Utilization of Breast-Conserving Surgery in Breast Cancer

Robert O. Dillman, Sherri Chico, Sandra Finestone

Hoag Cancer Center, Newport Beach, CA

To the Editor:Morrow et al1 reported data regarding the use of breast-conserving surgery (BCS) for women with stage I and II breast cancer and concluded that BCS is being underutilized. Using tumor registry data for 16,643 patients diagnosed in 1994, they found that only 42.6% had BCS. They noted significant regional differences in the use of BCS, with rates of 54% in the Northeast, 47% in the West, 37% in the Midwest, and 32% in the South. We feel that the recent publication of data from 7 years ago is misleading in terms of the application of BCS in more recent years.
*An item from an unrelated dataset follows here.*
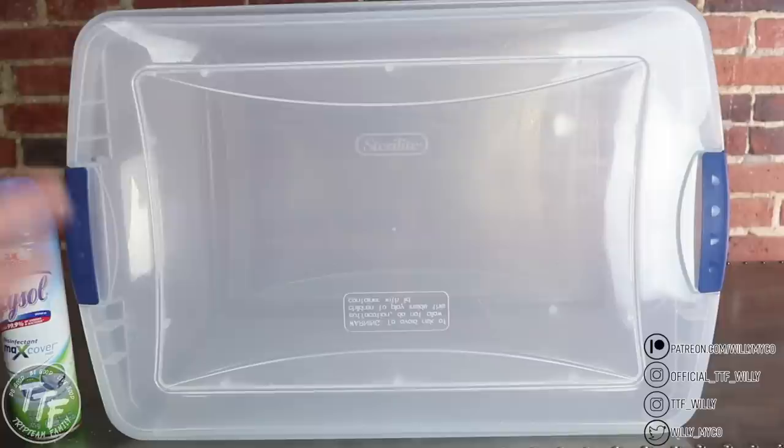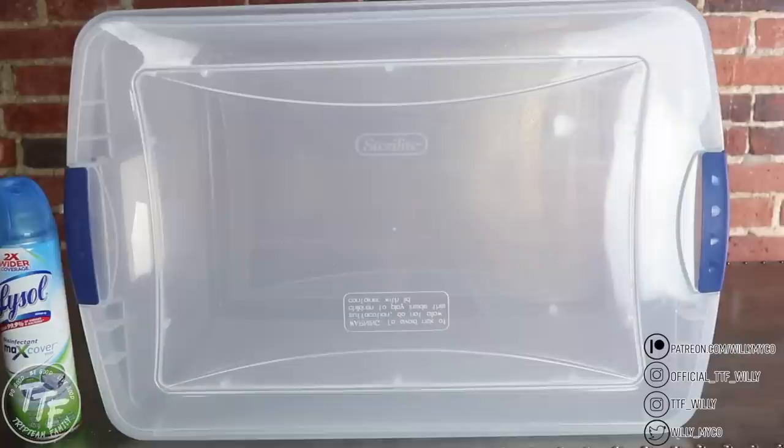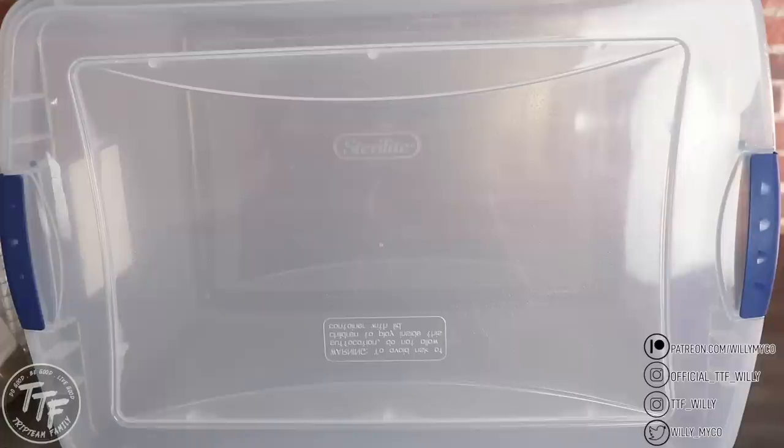Once you've sprayed the inside and the lid, put the lid on the bin and latch it closed. Now let it sit for about 10 minutes. You want to let all that air settle inside the bin. There's going to be disinfectant spray moving around in the air along with debris and air movement. You want all the dust that might be moving around inside the bin to settle and fall into the disinfectant covering the inside surfaces. Make sure you wait at least 10 minutes before you start working inside. This isn't exactly a still air box, but it functions like one — it's more of an open pour technique with a really high success rate.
In support of this, we submit the following data showing the progressive adoption of BCS in a 417-bed community hospital that has had a comprehensive community cancer center since 1990, with accompanying weekly multidisciplinary tumor boards and weekly educational conferences to foster improved practices (Fig 1). In 1995 a specific breast cancer services program was initiated that included a full-time coordinator. The data shown include all patients with invasive breast cancer who lacked distant metastases at diagnosis and underwent a surgical procedure on the breast. There were 456 such patients in the interval of 1983 through 1986, 585 during 1987 through 1990, 766 during 1991 through 1994, and 965 during 1995 through 1998.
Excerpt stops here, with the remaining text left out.